You also need a lot of fat. Buy a lot of butter and use it. Buy lard and tallow and use it. Avoid vegetable oils if you can, but in my experience they don't make a big difference as long as you are eating butter and lard and tallow. Just buy juicy steaks with lots of fat on the edge and fry it up and eat the fat too.
Otherwise, it really doesn't matter what you eat. Make sure to experiment with various vitamins and minerals to see if eating more of them helps or hurts, and identify which foods are high in the nutrients you lack. For instance, I drink a tiny bit of borax every day, and it helps tremendously with my arthritis and other issues. (5 ml of borax in a 500 ml water bottle, and I put about 1 tbsp (15 ml) of that solution in a drink daily.) I tried increasing my iodine but I found it didn't help and made me a little sicker. I figure I'm getting enough iodine from my diet it doesn't matter. (Eat a lot of salt too. Don't worry about it -- if you crave salt eat salt.)
I have also experimented with H2O2. I don't even use toothpaste anymore. I just brush my teeth once or twice a day with water. I might use 3% H2O2 as a mouthwash after brushing once a week, maybe. If I'm getting sick, I just add 3 drops of 35% H2O2 to my drink and it pretty much goes away in a day or two. Read "The One Minute Cure" -- its' free online and explains how you can use H2O2.

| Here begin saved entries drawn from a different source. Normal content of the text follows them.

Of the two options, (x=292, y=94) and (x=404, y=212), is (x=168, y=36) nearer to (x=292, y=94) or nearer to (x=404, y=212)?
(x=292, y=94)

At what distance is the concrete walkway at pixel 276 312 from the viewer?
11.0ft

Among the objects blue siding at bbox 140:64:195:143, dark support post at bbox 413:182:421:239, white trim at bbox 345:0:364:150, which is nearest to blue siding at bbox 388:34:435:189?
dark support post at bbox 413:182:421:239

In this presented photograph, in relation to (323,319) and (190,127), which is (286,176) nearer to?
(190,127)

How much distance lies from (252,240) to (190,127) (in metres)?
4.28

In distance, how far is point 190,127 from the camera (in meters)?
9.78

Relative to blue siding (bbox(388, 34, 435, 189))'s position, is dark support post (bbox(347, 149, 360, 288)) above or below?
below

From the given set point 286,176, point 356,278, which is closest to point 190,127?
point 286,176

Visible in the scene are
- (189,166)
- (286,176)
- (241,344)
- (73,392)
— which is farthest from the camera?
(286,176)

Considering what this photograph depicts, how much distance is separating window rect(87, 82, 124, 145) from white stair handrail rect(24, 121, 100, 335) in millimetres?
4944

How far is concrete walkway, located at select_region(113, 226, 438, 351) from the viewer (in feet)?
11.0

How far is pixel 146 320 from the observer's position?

I spend at least an hour outdoors every day doing light farm work, and I don't do much other exercise outside of working the restaurant for about 6 hours or so a day. I can lift stuff, my back isn't killing me, and I haven't been sick for months and months now, maybe over a year. And I'm turning 50 soon.
I'm overweight but I got a cheap body fat test and it came back with remarkably low body fat. You'd look at me and think I am fat but I guarantee you I can lift more than most young people I know. My belt size is much smaller than you'd think too. I lost several inches of waist size over the past few years, despite my body weight staying the same.
Anyway, set your goals, work towards it, and keep learning and experimenting and adjusting. Your body is different than mine. Learn to use it properly.